──────── Supplied records

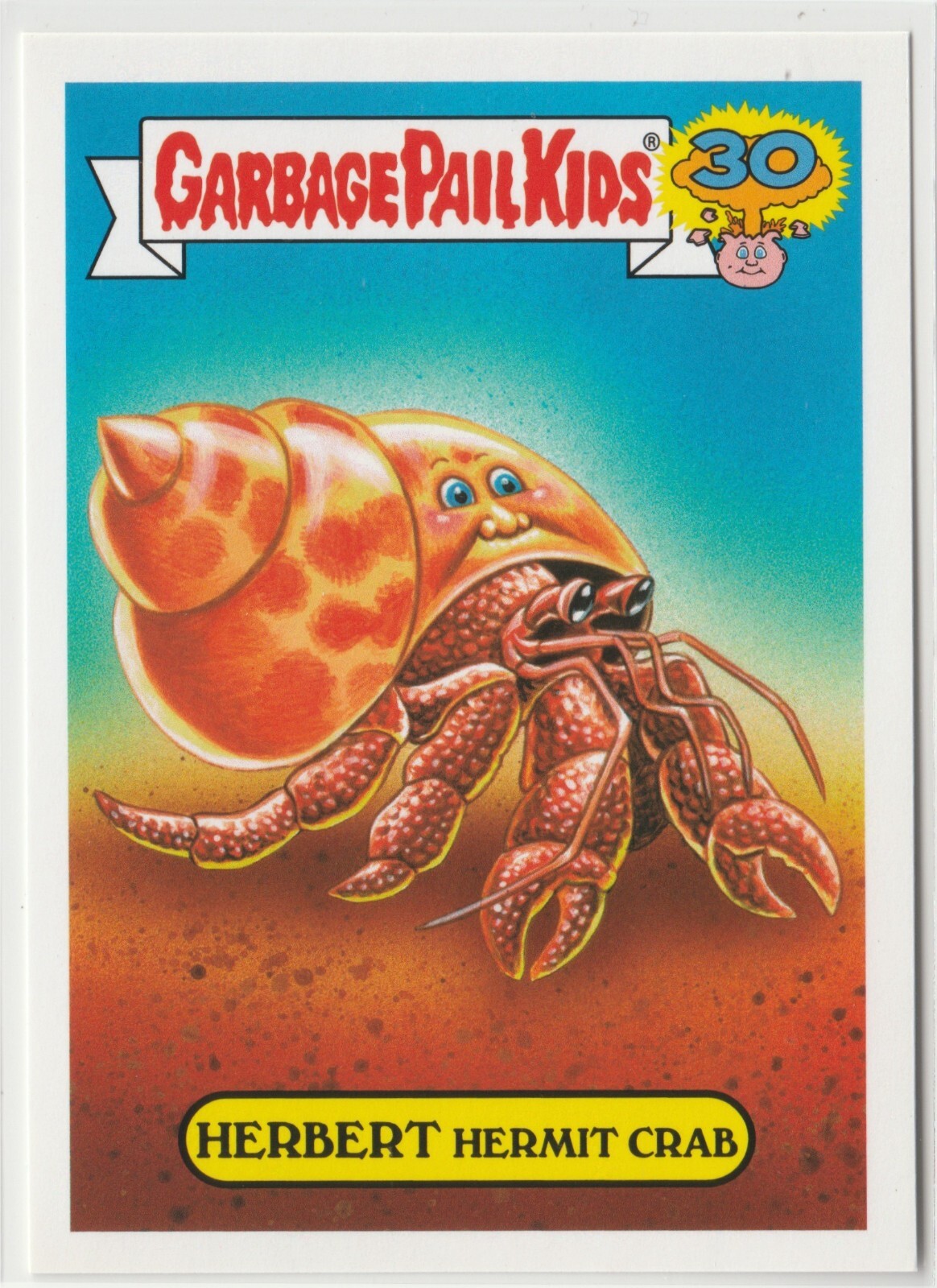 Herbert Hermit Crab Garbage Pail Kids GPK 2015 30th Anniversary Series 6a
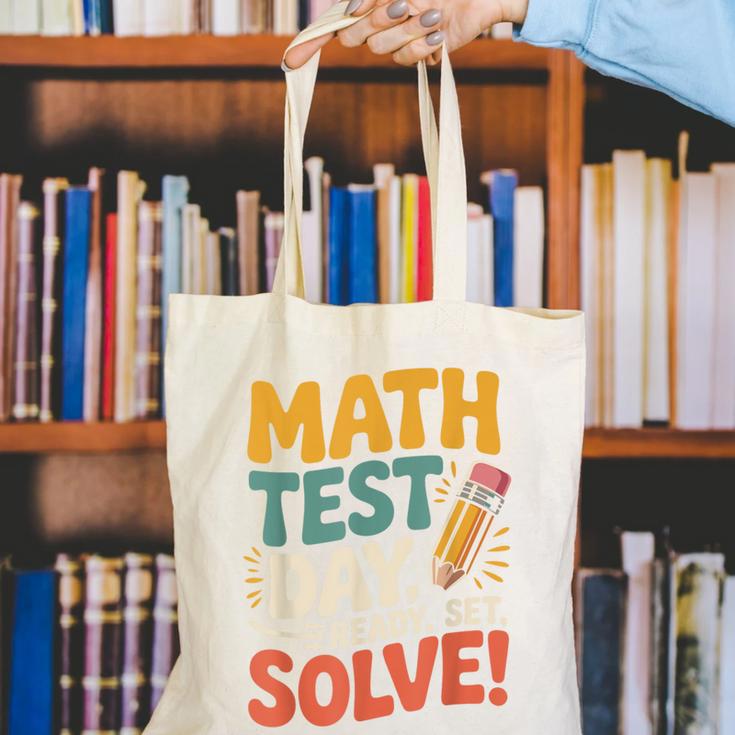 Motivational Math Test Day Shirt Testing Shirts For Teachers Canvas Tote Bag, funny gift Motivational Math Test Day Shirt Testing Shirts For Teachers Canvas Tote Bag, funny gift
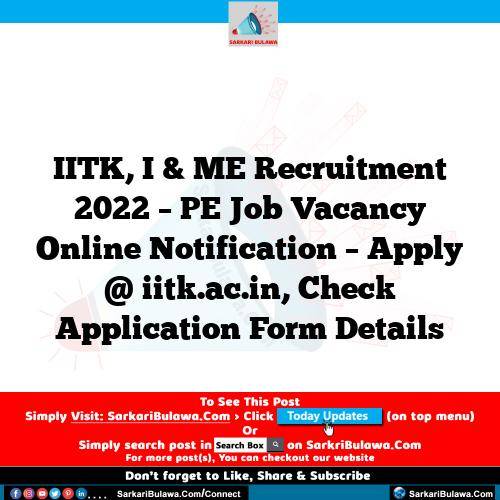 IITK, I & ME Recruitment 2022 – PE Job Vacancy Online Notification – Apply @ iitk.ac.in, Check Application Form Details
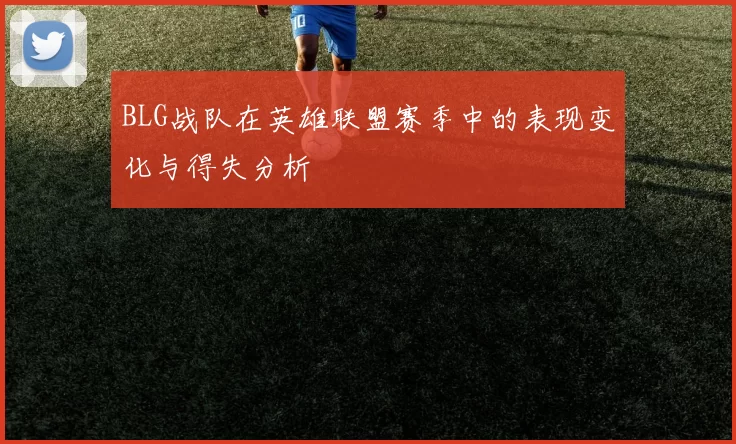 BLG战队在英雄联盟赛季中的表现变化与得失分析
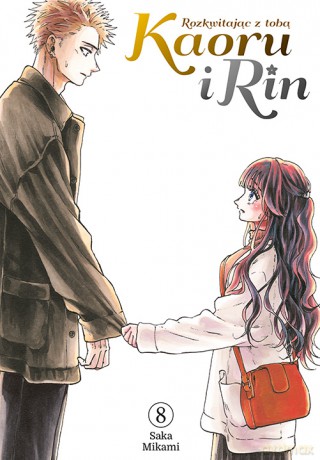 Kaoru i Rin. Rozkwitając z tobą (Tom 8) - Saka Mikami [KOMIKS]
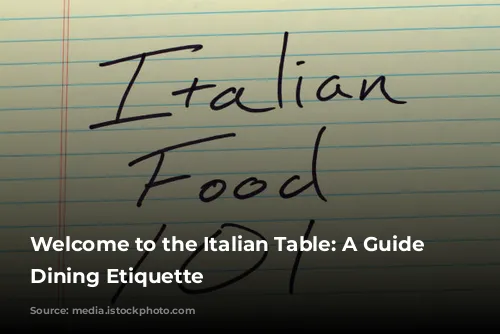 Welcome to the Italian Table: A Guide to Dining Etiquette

────────────────

Directions → Quote exactly the lines from the line that contains "IITK, I & ME" through the last line of the listing, please, leaving out all pictures.

Solution to the exercise →
 IITK, I & ME Recruitment 2022 – PE Job Vacancy Online Notification – Apply @ iitk.ac.in, Check Application Form Details
 BLG战队在英雄联盟赛季中的表现变化与得失分析
 Kaoru i Rin. Rozkwitając z tobą (Tom 8) - Saka Mikami [KOMIKS]
 Welcome to the Italian Table: A Guide to Dining Etiquette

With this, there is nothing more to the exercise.